In place of technology addiction, I have compensated with books. Lots of books. Ideas. I spend most of time imbibing ideas and thoughts of great and small men and women in accordance with a Socrates’ maxim to improve myself. I have no crystal-clear recollections of when my love for reading started. Early enough, though, I still recall my father’s countless leftist magazines such as Society, Nairobi Law Monthly (then published by Gitobu Imanyara), and Ngugi’s books: Petals of Blood and I Will Marry When I Want that I struggled to read to fruitless avail.

 Later, in primary school, our father would grow his obsession with buying us English Aid textbooks and storybooks. One English Aid book, I remember, I lost during my brief schooling in Thika. Thereafter, together with Marvin, we would narrate to him the stories to prove we had actually read those books. In class six, he bought me a storybook titled Captured by Raiders (I have forgotten the author) that one of my classmates, Morgan, remained with when we were moving from Kisumu to Kerugoya in 2000. Our family was forever moving because of my father’s job. If it was not Bungoma, it was Thika, Murang’a, Kakamega, Daraja Mbili, Khayega, Kandara, Busia. Even today, my father is always ready. Anytime he could move. 

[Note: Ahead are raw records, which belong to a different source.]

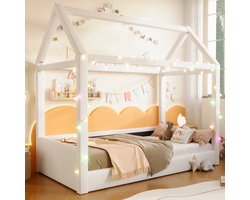 Wishdor Montessori Vloerbed / Huisbed (90x200 cm) - Volledig Gestoffeerd Peuterbed met LED Lichtslinger & Achterwand - Linnen - Beige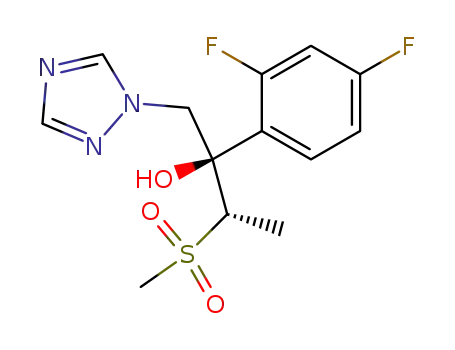 Molecular Structure of 182699-15-6 ((2R,3S)-2-(2,4-Difluoro-phenyl)-3-methanesulfonyl-1-[1,2,4]triazol-1-yl-butan-2-ol)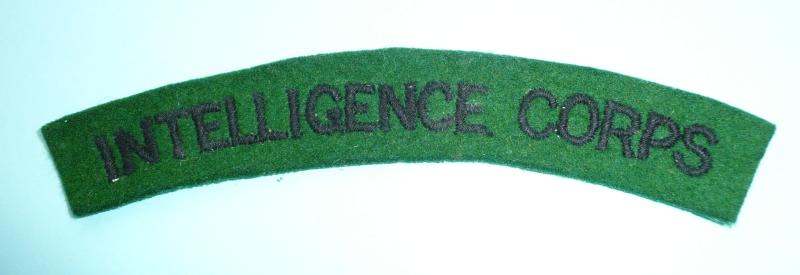 WW2 Intelligence Corps Woven Felt Cloth Shoulder Title - Paste Back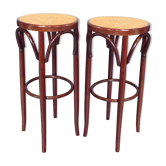 Pair of curved wooden cannese bar stools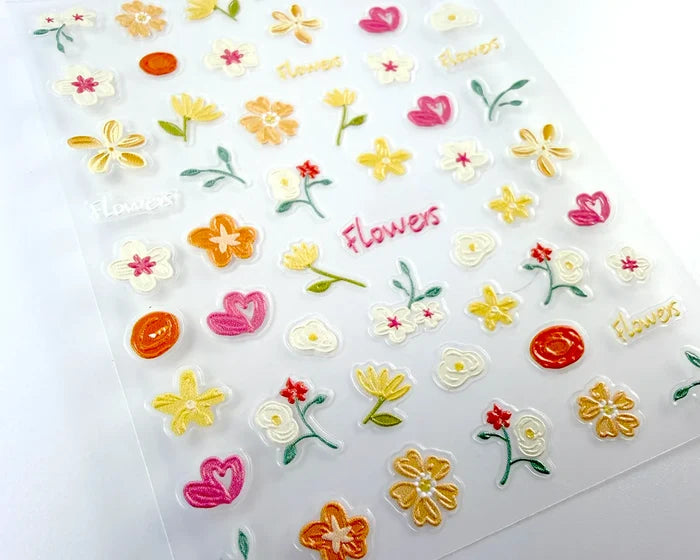 Close-up of the hand drawn Golden Wildflowers nail decals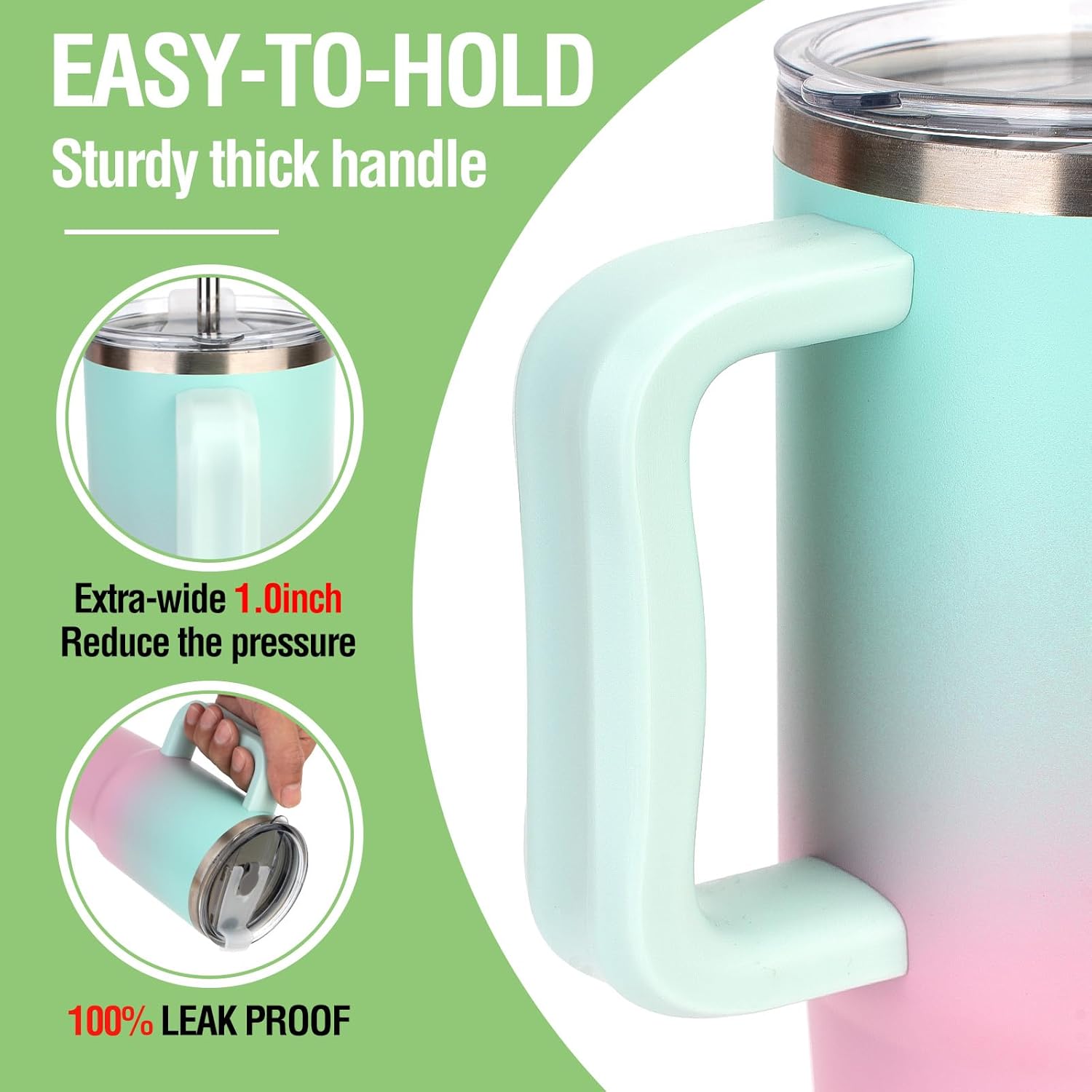 Zukro 24 oz Ceramic Lined Tumbler with Handle and Straw, No Metal Taste, Insulated Stainless Steel Coffee Mug with Spill Proof Lids for Home/Office, No Sweat, Keep Drinks Hot or Cold, Bubblegum - Image 7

Sometimes I wish Marvin would become altruistic and visionary like his former college-mate, Evans Wadongo, who innovated the solar-lamps to light up dark villages in Kenya and Africa. With Computer Science and Mathematics, he does not necessarily have to replicate what Steve Jobs, Wozniak, Bill Gates, or Mark Zuckerberg have done – it would be too much weight to shoulder –unnecessary great expectations. 

No, I am not discouraging him from setting higher goals because even my Psychology lecturer, Dr. Mwaura, stressed the significance of positive role models. Albert Bandura’s Social Learning Theory style. If an individual has the opportunity to emulate creative geniuses as the ones I have mentioned above, who I am to dissuade him from charting his own path? It is only vital for him to identify a favourite path that excites him the most the way I did with English and Literature.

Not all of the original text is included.